The index tracks cars with at least 75 percent U.S.-made parts that are also assembled in the U.S. It counts up how many U.S. assembly plant workers are employed making that car, so a big seller like the Camry, which fills shifts at multiple plants, can tip the scale in its favor simply by volume.
In fact, three of the top seven cars on the index — the Camry, Toyota's Sienna and the Honda Odyssey minivan — are popular vehicles made by Japanese carmakers with plants in the U.S.
Cars.com estimates that the Camry supports 5,900 American U.S. assembly plant workers.
Of course it admits that number is complicated: “Autoworkers typically build multiple vehicles on the same line, and certain management positions would exist whether a plant builds 500 cars or 5,000. Then there are the research and development, supplier, marketing and dealership jobs that a given car supports, which are a lot more numerous than assembly-plant employment but harder to correlate to individual car models. But it goes to show that higher sales mean more production, and more production equals more employees.”

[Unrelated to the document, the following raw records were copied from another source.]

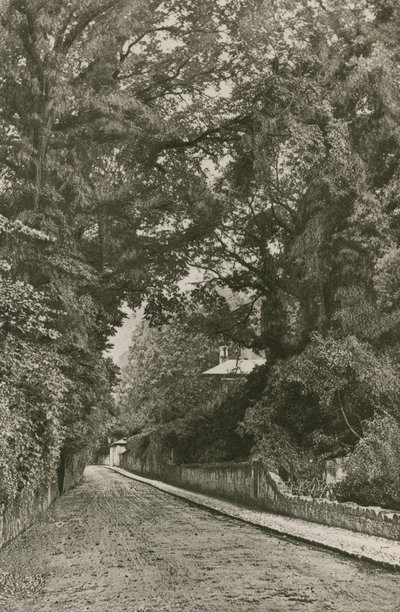Bonchurch Road, Isle of Wight by English Photographer
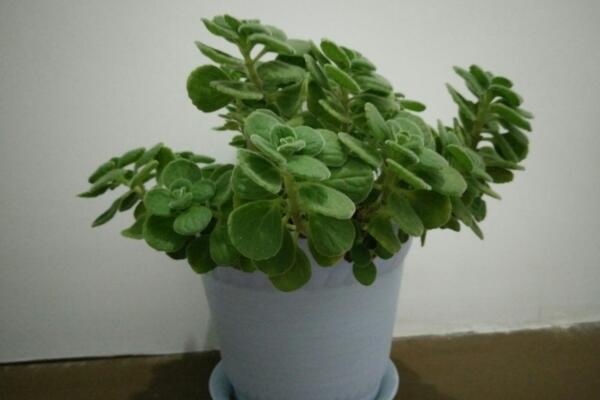 碰碰香怎么養(yǎng)殖，養(yǎng)好碰碰香最關(guān)鍵的5步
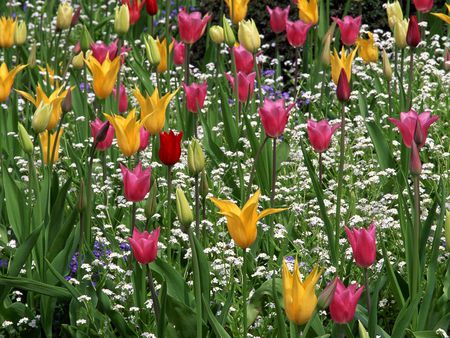 Lily Tulips Among White Cornflowers Butchart Gardens Victoria British Columbia - flowers, nature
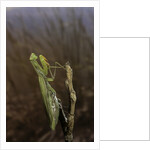 Mantis religiosa (praying mantis) by Anonymous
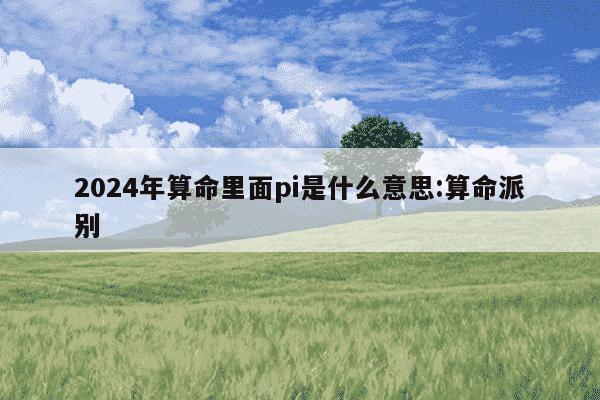 2024年算命里面pi是什么意思:算命派别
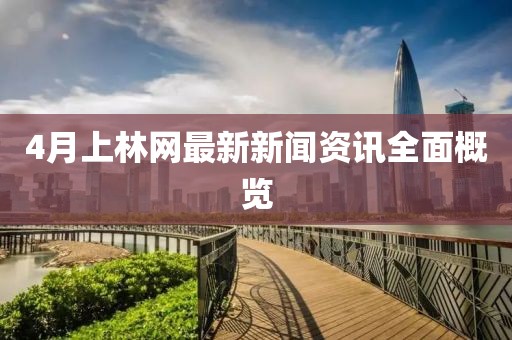 4月上林网最新新闻资讯全面概览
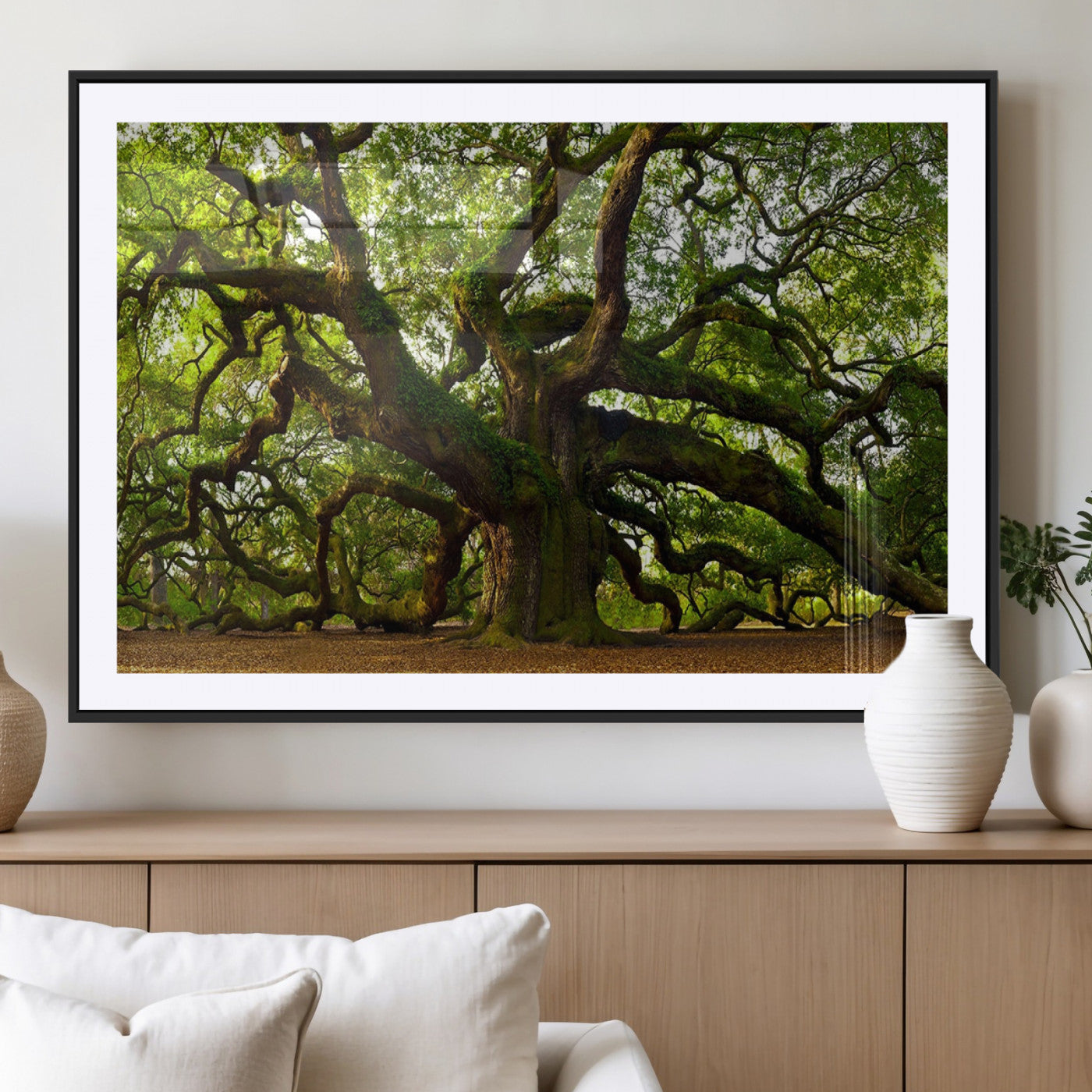 MGC-FP-36x24 - Angel Oak Tree Wall Art Canvas Print | Forest Tree Nature Photography Print on Canvas | Large
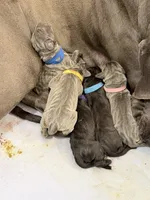 processed/db64a134-cebc-4fc8-81b4-be6a4a480b90/listing/0e1b7852-502c-4ffb-ab3d-0fb3021d3cfd/8f0da6aa-387f-47d4-94aa-744eb643ad78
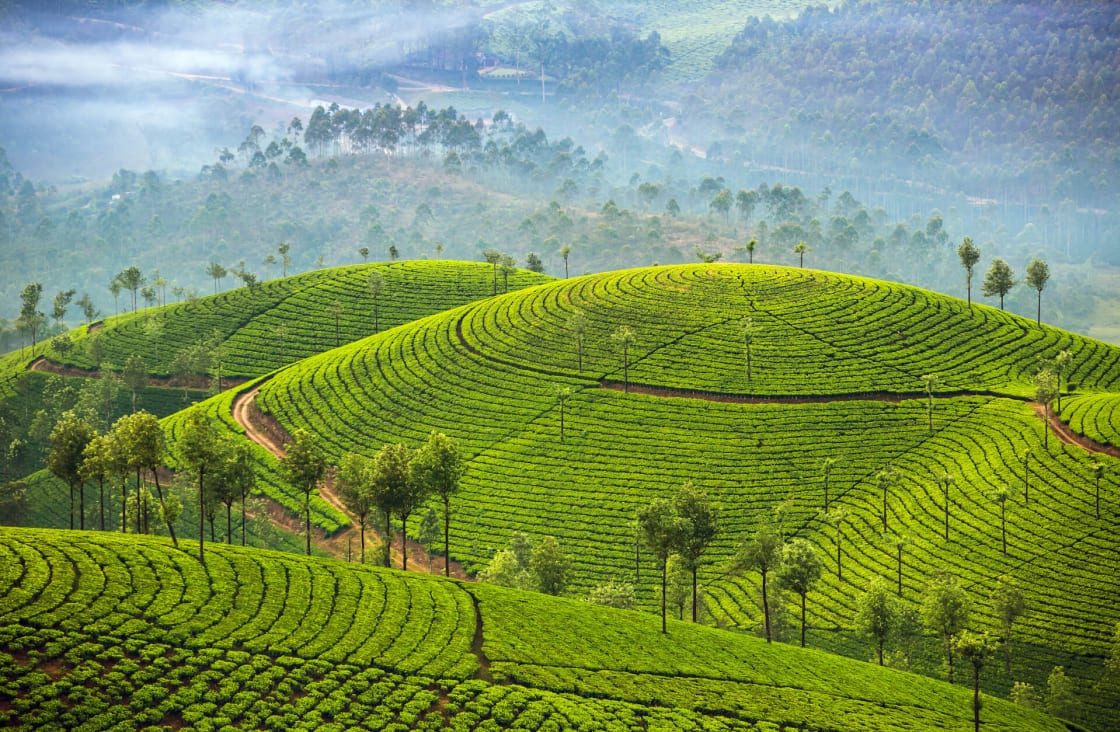 Darjeeling'in çay tarlaları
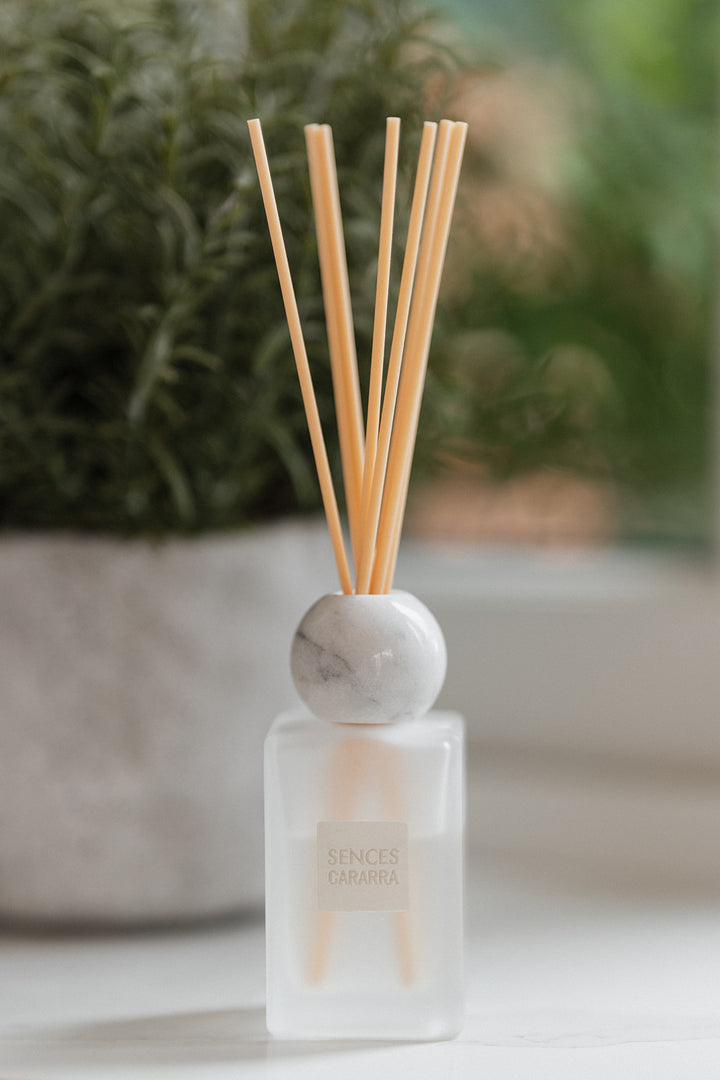A reed diffuser bottle with a frosted glass base, a round white marble stopper, and natural bamboo reeds, set against a soft-focus background of a potted green plant.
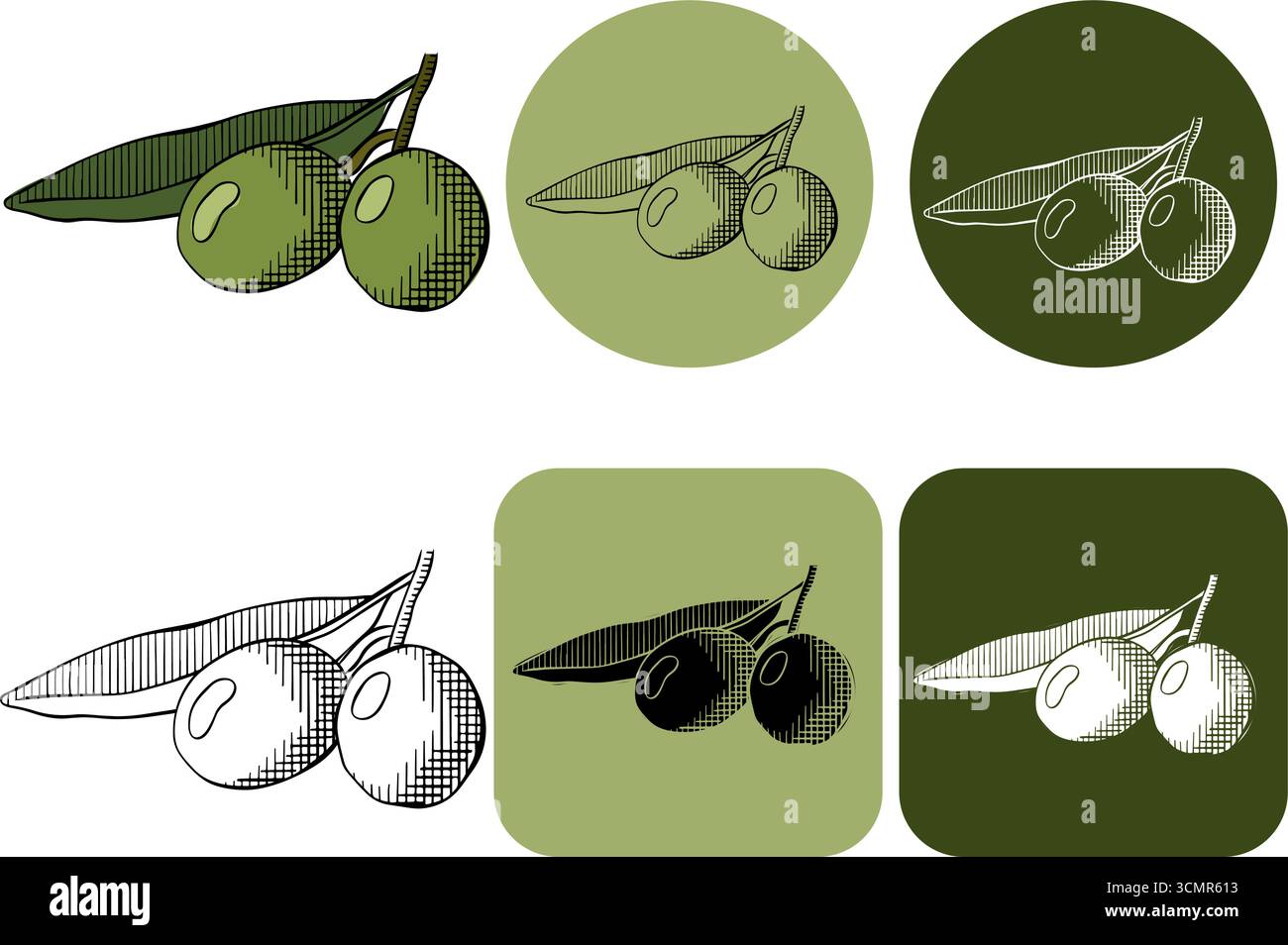 Olivenbeerenzweig mit grünem Blätterlogo. Vektorgrafik Linie farbige Illustration. Für Poster, Flyer, Banner, Einladung, soziale Medien, Teil Stock Vektor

However, the Chevrolet Corvette, with its composites and carbon fiber, still manages to come in as supporting nearly 1,000 U.S. assembly line workers in the index, even though it's a far lower volume than the Camry.
(For what it's worth, last year's top-ranked U.S.-made vehicle, the Ford F-150 pickup truck, no longer ranks in the index because fewer than 75 percent of its parts are made in the U.S. But then cars.com says that fewer than 10 vehicles have at least 75 percent U.S.-made parts, which is why it's Top 10 list has only seven vehicles.)
Auto suppliers have known about the value of close relations with Asian and European automakers — the so-called “New Domestics” — for years and dedicate top sales and engineering gurus specifically to working with companies like Toyota and Honda.
Of course while the Camry may support thousands of U.S. workers, cars.com notes that the profits still go to Japan. The Chevrolet Traverse, which comes in at No. 2 on the index and supports nearly 2,000 U.S. jobs, is part of Detroit-based General Motors Co.
And taken together, General Motors Co.'s Chevrolet, GMC and Buick brands account for four of the top seven U.S.-made cars and jointly employ more than 3,500 people.
The index also does not differentiate between which plants have union member employees — typically the traditional Big Three — and which don't.
But profit and ownership aren't exactly as easy to define as they once were either. Don't forget that Chrysler Group — which brought us the buzzed about Super Bowl ads featuring rapper Eminem for its “Made In Detroit” campaign and resurrected radio commentator Paul Harvey to talk about farmers to boost Ram trucks — is controlled by an Italian firm and officially headquartered in the Netherlands.